In Kürze
Incentives sind betriebliche Anreize, mit denen Arbeitgeber besondere Leistungen ihrer Mitarbeiter anerkennen und belohnen. Sie sollen motivieren, Ziele zu erreichen und überdurchschnittliche Leistungen zu erbringen.
Definition
Das englische Wort Incentive bedeutet schlicht „Anreiz". Im Arbeitsalltag versteht man darunter alle Maßnahmen, mit denen ein Unternehmen seine Mitarbeiter zu besonderen Leistungen anspornt. Dazu zählen sowohl finanzielle Vorteile als auch nicht-materielle Auszeichnungen.
In der modernen Praxis hat sich der Begriff auf nicht-materielle Leistungsanreize verengt. Gemeint sind Auszeichnungen für herausragende Leistungen, die einen hohen ideellen oder symbolischen Wert haben — zum Beispiel Erlebnisreisen, Wochenendaufenthalte oder Statussymbole wie Pokale und Urkunden.
Incentives werden nach der sogenannten Anreiz-Beitragstheorie eingesetzt: Nur durch gezielte Anreize lassen sich bestimmte Leistungsziele bei Mitarbeitern dauerhaft erreichen. Dabei unterscheidet man zwischen monetären Anreizen (Geld, Gutscheine, Sachprämien) und nichtmonetären Anreizen (Beförderung, Karrierechancen, Statussymbole).

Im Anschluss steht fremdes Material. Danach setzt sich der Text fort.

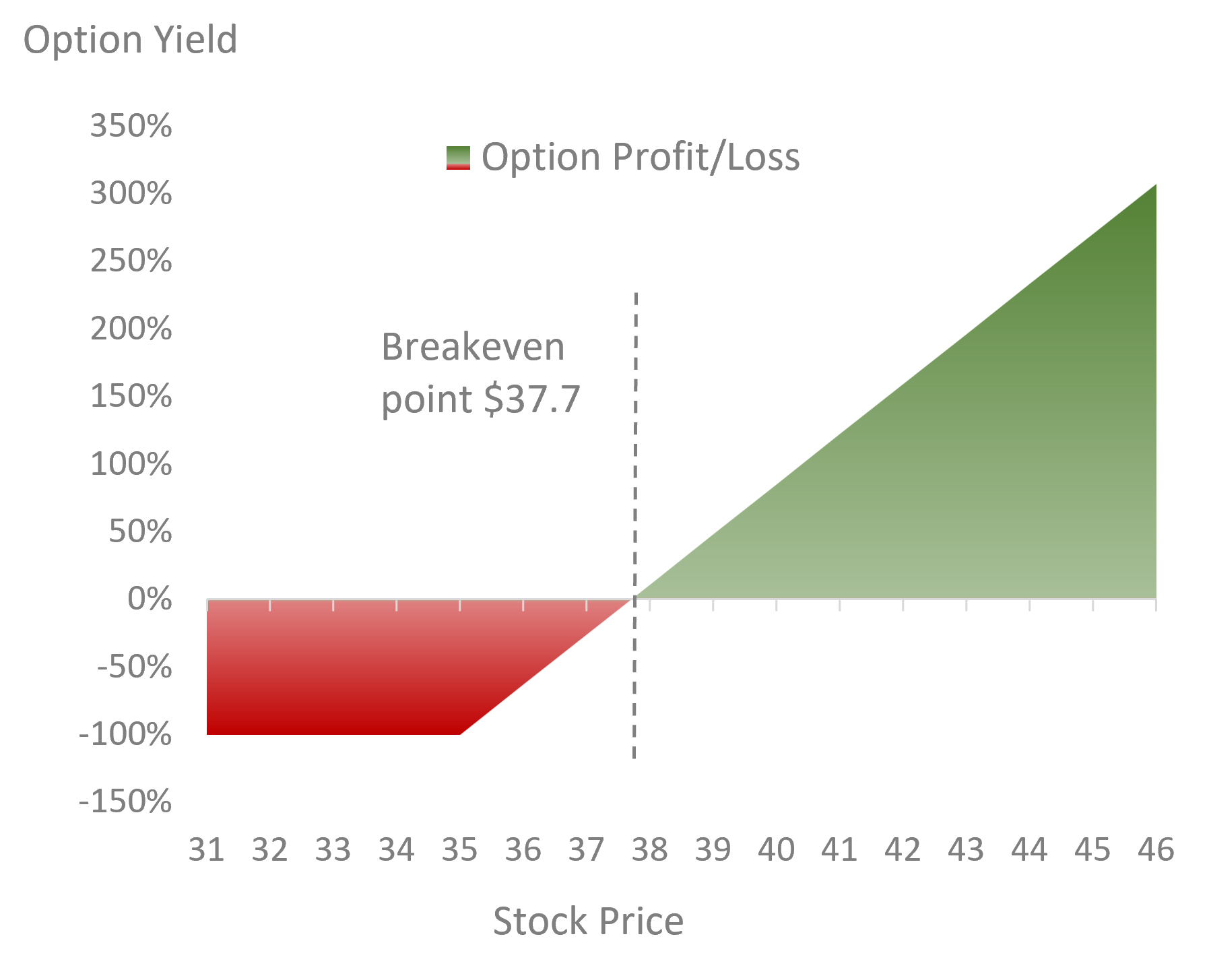 Stock Options on Yum China Holdings Inc. with over 82.48% Upside Potential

Typische Einsatzbereiche sind der Vertrieb und Außendienst, aber auch Bereiche wie Qualitätssicherung, Kostensenkung oder das betriebliche Vorschlagswesen. Wichtig ist, dass die Prämien attraktiv und für alle Teilnehmer erreichbar bleiben — sonst verlieren sie ihren Motivationswert.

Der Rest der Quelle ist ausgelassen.